Short text fragments from websites:
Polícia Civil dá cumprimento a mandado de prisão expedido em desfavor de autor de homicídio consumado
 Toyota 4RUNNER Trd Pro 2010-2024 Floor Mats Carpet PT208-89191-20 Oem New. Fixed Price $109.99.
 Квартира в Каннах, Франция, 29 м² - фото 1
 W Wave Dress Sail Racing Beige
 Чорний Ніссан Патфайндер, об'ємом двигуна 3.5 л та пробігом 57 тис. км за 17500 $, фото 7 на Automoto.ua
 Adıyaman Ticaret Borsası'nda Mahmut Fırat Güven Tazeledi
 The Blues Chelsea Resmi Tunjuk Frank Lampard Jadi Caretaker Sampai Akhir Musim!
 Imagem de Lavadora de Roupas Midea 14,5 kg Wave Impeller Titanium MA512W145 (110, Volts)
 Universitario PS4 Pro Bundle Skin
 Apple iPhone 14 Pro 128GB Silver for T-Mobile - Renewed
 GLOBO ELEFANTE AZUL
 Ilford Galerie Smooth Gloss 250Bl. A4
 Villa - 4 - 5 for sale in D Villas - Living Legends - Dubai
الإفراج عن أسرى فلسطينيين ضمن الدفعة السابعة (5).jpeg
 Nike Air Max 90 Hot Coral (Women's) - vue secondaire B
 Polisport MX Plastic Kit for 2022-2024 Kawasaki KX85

TASK GOAL -
Every line from the one that contains "Adıyaman Ticaret Borsası'nda" down to and including the last line of the records above must be set down exactly, with nothing else.

SOLUTION FOR THIS PROBLEM -
 Adıyaman Ticaret Borsası'nda Mahmut Fırat Güven Tazeledi
 The Blues Chelsea Resmi Tunjuk Frank Lampard Jadi Caretaker Sampai Akhir Musim!
 Imagem de Lavadora de Roupas Midea 14,5 kg Wave Impeller Titanium MA512W145 (110, Volts)
 Universitario PS4 Pro Bundle Skin
 Apple iPhone 14 Pro 128GB Silver for T-Mobile - Renewed
 GLOBO ELEFANTE AZUL
 Ilford Galerie Smooth Gloss 250Bl. A4
 Villa - 4 - 5 for sale in D Villas - Living Legends - Dubai
الإفراج عن أسرى فلسطينيين ضمن الدفعة السابعة (5).jpeg
 Nike Air Max 90 Hot Coral (Women's) - vue secondaire B
 Polisport MX Plastic Kit for 2022-2024 Kawasaki KX85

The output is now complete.